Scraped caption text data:

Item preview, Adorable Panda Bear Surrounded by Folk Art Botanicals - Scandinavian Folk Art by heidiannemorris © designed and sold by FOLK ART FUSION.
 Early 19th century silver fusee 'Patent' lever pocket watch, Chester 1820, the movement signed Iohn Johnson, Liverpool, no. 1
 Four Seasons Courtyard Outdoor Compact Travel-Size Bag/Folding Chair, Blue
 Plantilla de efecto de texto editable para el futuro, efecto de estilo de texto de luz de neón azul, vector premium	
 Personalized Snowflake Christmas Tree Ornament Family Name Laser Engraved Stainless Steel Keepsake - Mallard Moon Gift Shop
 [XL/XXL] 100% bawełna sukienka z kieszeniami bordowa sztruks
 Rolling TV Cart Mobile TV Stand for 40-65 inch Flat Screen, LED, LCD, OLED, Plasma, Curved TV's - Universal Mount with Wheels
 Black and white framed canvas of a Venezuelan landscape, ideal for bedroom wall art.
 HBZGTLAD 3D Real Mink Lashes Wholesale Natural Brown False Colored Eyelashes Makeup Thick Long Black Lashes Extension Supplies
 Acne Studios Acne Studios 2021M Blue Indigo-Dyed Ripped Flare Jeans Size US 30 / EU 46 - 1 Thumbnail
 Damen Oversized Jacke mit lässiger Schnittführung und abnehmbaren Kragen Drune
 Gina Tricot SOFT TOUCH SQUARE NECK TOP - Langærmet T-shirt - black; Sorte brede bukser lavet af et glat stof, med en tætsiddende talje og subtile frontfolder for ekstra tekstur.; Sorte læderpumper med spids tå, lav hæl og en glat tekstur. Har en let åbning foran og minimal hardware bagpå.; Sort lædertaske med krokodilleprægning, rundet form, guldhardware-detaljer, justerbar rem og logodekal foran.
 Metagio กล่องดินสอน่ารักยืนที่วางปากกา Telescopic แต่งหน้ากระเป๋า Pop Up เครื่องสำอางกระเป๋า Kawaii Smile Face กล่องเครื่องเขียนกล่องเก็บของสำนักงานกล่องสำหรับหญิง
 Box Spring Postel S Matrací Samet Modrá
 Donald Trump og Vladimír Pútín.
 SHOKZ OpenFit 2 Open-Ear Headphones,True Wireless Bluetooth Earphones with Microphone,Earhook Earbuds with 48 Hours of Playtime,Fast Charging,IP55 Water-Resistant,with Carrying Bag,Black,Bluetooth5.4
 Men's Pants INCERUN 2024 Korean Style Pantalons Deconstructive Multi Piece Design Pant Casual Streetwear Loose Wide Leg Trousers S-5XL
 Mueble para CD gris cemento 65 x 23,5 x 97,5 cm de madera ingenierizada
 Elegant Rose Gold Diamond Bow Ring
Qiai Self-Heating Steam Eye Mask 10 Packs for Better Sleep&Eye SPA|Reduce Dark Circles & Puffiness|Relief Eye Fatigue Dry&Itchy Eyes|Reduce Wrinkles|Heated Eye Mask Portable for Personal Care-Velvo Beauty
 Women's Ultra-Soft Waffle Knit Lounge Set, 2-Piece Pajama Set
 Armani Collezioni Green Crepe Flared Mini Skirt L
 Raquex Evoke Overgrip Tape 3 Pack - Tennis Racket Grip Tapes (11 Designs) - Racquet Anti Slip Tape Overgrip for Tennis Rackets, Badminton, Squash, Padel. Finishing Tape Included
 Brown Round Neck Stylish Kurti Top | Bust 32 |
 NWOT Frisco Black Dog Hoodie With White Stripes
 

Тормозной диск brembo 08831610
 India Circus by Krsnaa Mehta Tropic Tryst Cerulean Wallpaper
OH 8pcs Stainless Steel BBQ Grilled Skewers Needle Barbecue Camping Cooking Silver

### WHAT IS EXPECTED
Above are the records; copy exactly the lines from the line with "Rolling TV Cart" through the line with "Damen Oversized Jacke", both included.

### PROBLEM SOLUTION
 Rolling TV Cart Mobile TV Stand for 40-65 inch Flat Screen, LED, LCD, OLED, Plasma, Curved TV's - Universal Mount with Wheels
 Black and white framed canvas of a Venezuelan landscape, ideal for bedroom wall art.
 HBZGTLAD 3D Real Mink Lashes Wholesale Natural Brown False Colored Eyelashes Makeup Thick Long Black Lashes Extension Supplies
 Acne Studios Acne Studios 2021M Blue Indigo-Dyed Ripped Flare Jeans Size US 30 / EU 46 - 1 Thumbnail
 Damen Oversized Jacke mit lässiger Schnittführung und abnehmbaren Kragen Drune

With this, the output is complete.